Seorang muwakkil berucap kepada wakilnya untuk mengerjakan sesuatu, “Kerjakanlah urusan ini sesukamu,” atau “Semua yang akan kamu perbuat diperbolehkan.” Ucapan seperti ini bukan termasuk izin untuk mengangkat wakil.
Sekitar perkataan muwakkil kepada wakilnya
Seandainya muwakkil mengatakan, “Jualkanlah barang ini kepada orang tertentu,” misalnya kepada Zaid saja, maka wakil tidak boleh menjualkannya kepada selain Zaid, sekalipun dijual kepada wakil Zaid sendiri. Atau muwakkil mengatakan “Jualkanlah barang ini dengan pembayaran uang tertentu,” misalnya uang dinar, maka wakil tidak boleh menjualnya dengan pembayaran uang dirham.

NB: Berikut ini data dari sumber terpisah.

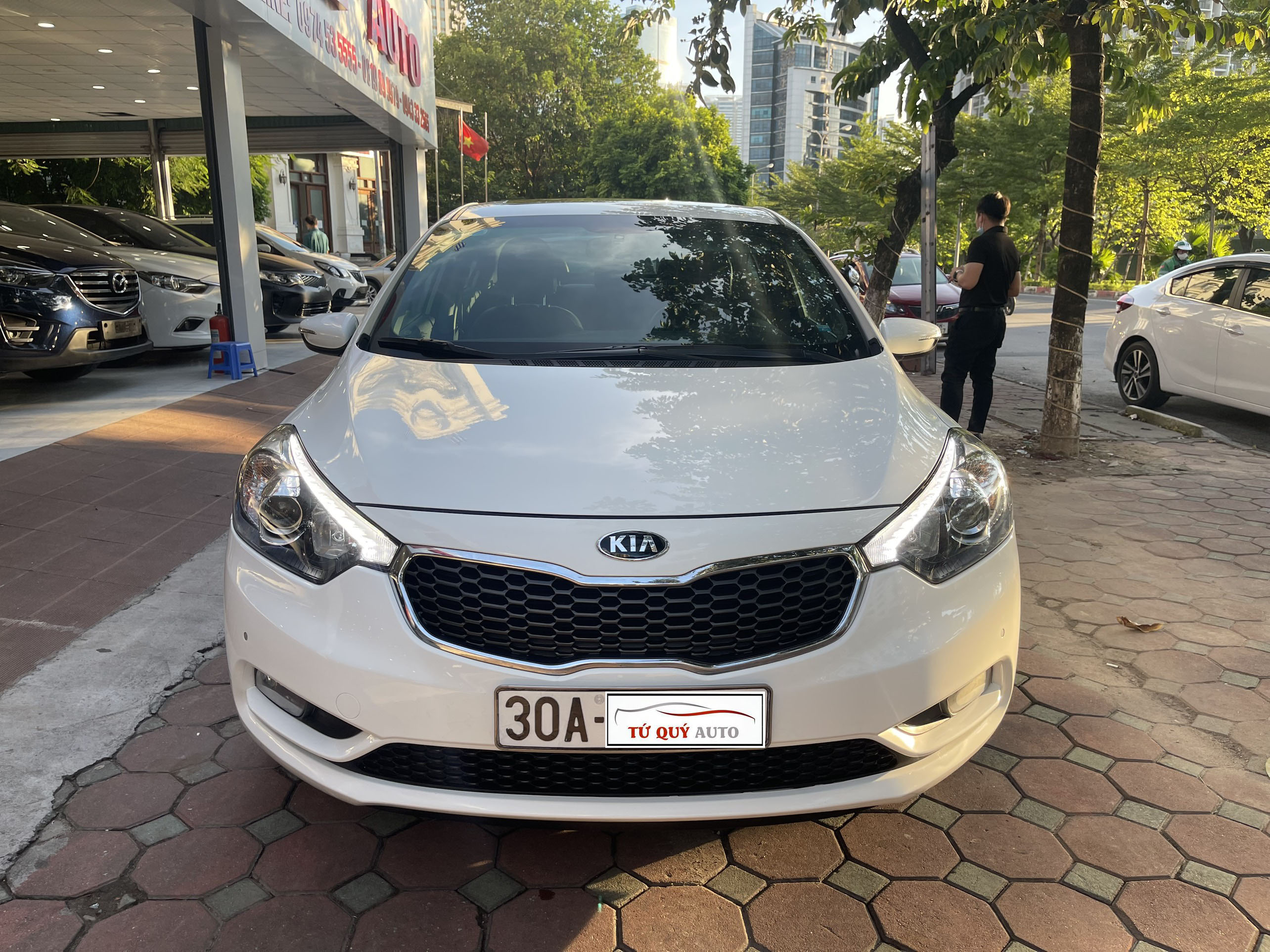 Xe Kia K3 2.0AT 2015 - Trắng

Atau muwakkil mengatakan agar barang tersebut dijual di tempat tertentu, maka tidak boleh dijual di tempat lain. atau muwakkil mengatakan agar barang itu dijual di masa tertentu umpamanya dalam bulan anu atau hari anu, maka wakil tidak boleh menjualnya sebelum masa tersebut dan tidak boleh pula sesudahnya, sekalipun dalam masalah talak dan penentuan waktu tersebut tidak berkaitan dengan suatu maksud, karena hal itu untuk mengamalkan izin yang telah diberikan kepada wakil.
Lain halnya jika muwakkil mengatakan, “Apabila awal bulan tiba, maka perkara istriku berada di tanganmu,” sedangkan muwakkil tidak bermaksud mengikatnya persis pada permulaan bulan, maka wakil boleh menjatuhkan talak (sebagai waki muwakkil) sesudahnya.
Lain halnya jika muwakkil mengatakan, “Ceraikanlah dia pada hari jumat.” Maka pengertian kalimat ini adalah, pelaksanaannya terbatas hanya pada hari jumat, bukan hari lain.
Sama saja apakah dilaksanakan pada malam hari ataupun siang harinya, jika dalam kedua waktu tersebut para peminat berbelanja sama banyaknya.
Seandainya muwakkil mengatakan, “Hari jumat atau hari raya,” misalnya, maka penjualan harus dilakukan pada permulaan hari jumat atau di hari raya pertama yang dijumpainya.
Sesungguhnya keterikatan dengan tempat tertentu itu hanya jika muwakkil tidak menetapkan harga barangnya atau muwakkil melarang wakil menjual di tempat lain. jika muwakkil telah menetapkan harga atau memperbolehkan wakil menjualnya di tempat lain, barulah wakil boleh menjualnya di tempat lain.